**The input**

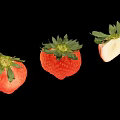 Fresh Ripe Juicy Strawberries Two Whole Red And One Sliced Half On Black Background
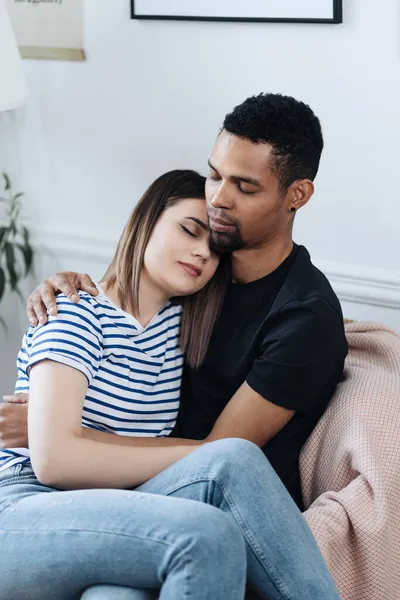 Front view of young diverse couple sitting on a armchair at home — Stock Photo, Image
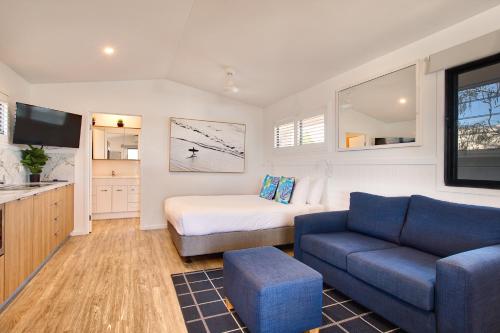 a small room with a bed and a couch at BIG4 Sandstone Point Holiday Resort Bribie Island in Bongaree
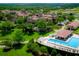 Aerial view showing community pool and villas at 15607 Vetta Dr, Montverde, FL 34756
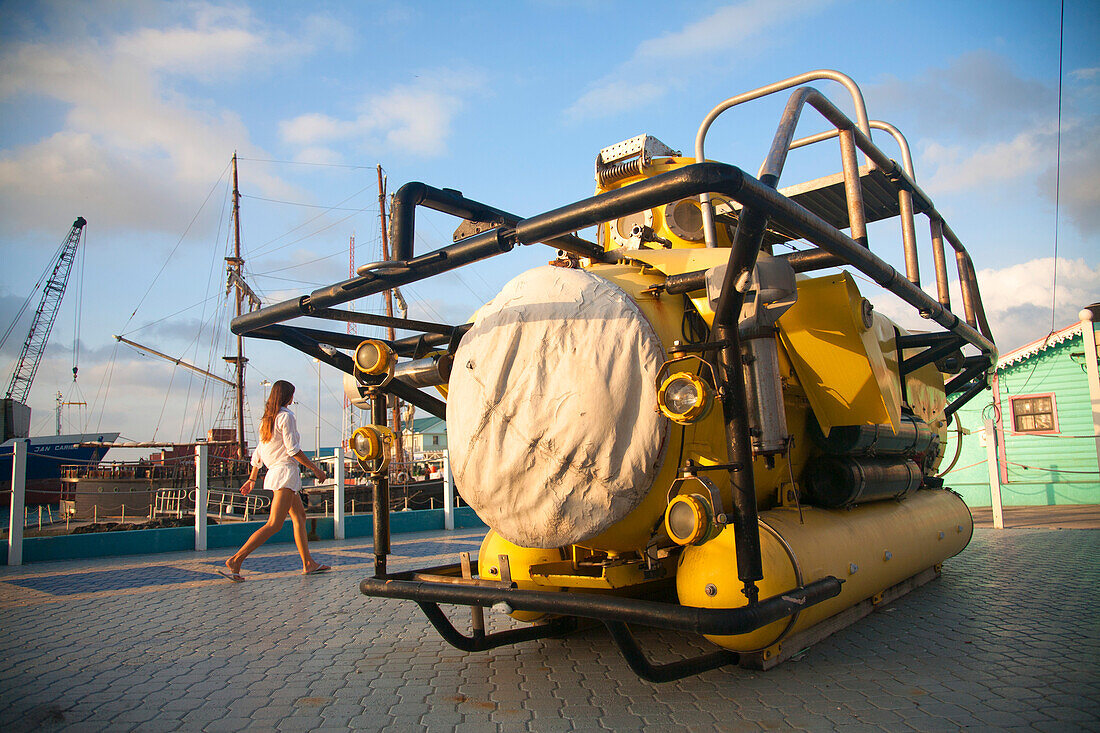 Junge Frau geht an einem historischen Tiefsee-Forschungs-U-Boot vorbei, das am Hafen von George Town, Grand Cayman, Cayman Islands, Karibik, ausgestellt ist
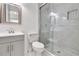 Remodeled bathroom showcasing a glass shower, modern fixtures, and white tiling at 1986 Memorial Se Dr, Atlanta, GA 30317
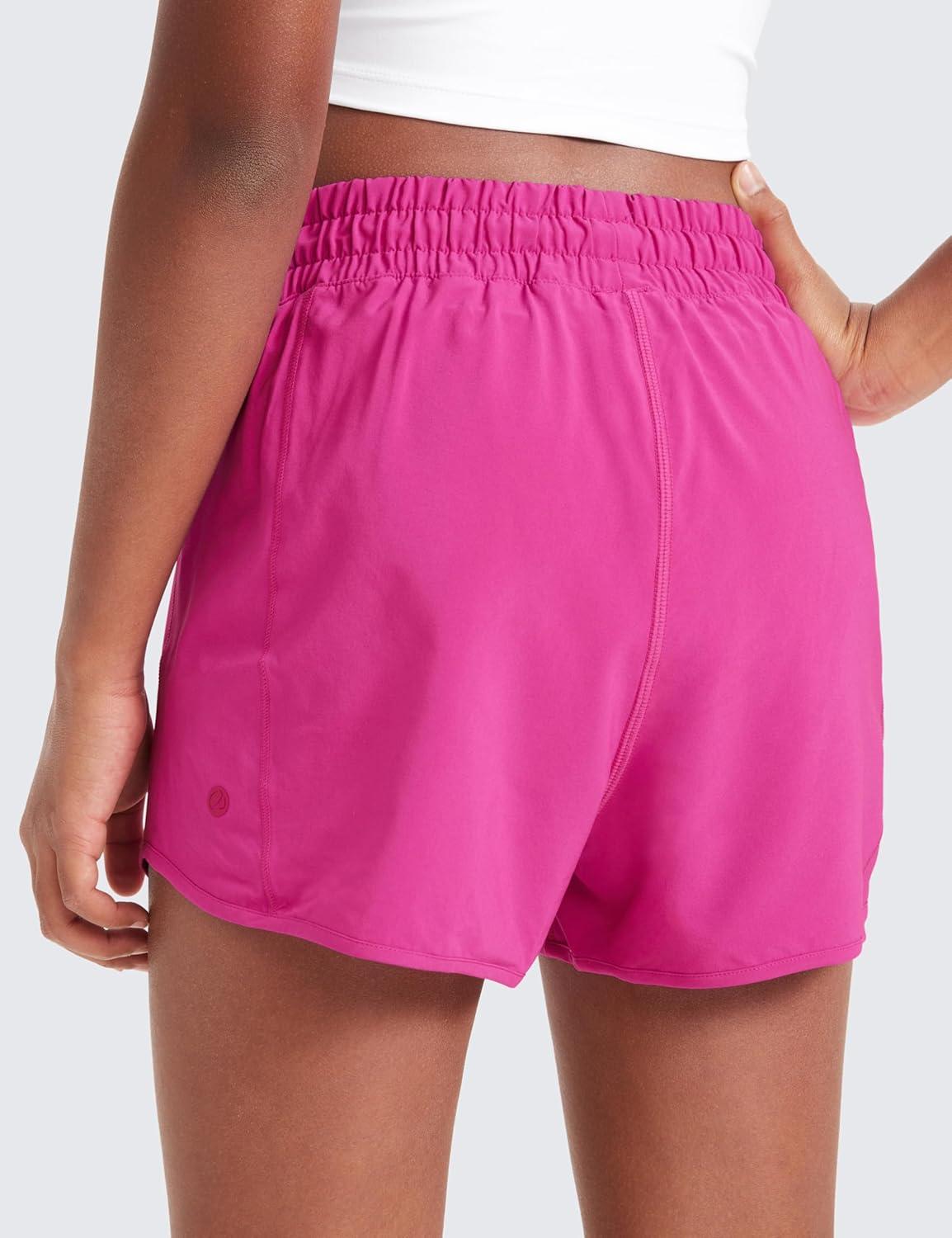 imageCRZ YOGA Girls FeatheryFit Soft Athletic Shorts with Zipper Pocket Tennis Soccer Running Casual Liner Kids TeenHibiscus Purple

**Assignment**
Copy out every entry above word for word; omit the images.

**Response to the task**
 Fresh Ripe Juicy Strawberries Two Whole Red And One Sliced Half On Black Background
 Front view of young diverse couple sitting on a armchair at home — Stock Photo, Image
 a small room with a bed and a couch at BIG4 Sandstone Point Holiday Resort Bribie Island in Bongaree
 Aerial view showing community pool and villas at 15607 Vetta Dr, Montverde, FL 34756
 Junge Frau geht an einem historischen Tiefsee-Forschungs-U-Boot vorbei, das am Hafen von George Town, Grand Cayman, Cayman Islands, Karibik, ausgestellt ist
 Remodeled bathroom showcasing a glass shower, modern fixtures, and white tiling at 1986 Memorial Se Dr, Atlanta, GA 30317
 imageCRZ YOGA Girls FeatheryFit Soft Athletic Shorts with Zipper Pocket Tennis Soccer Running Casual Liner Kids TeenHibiscus Purple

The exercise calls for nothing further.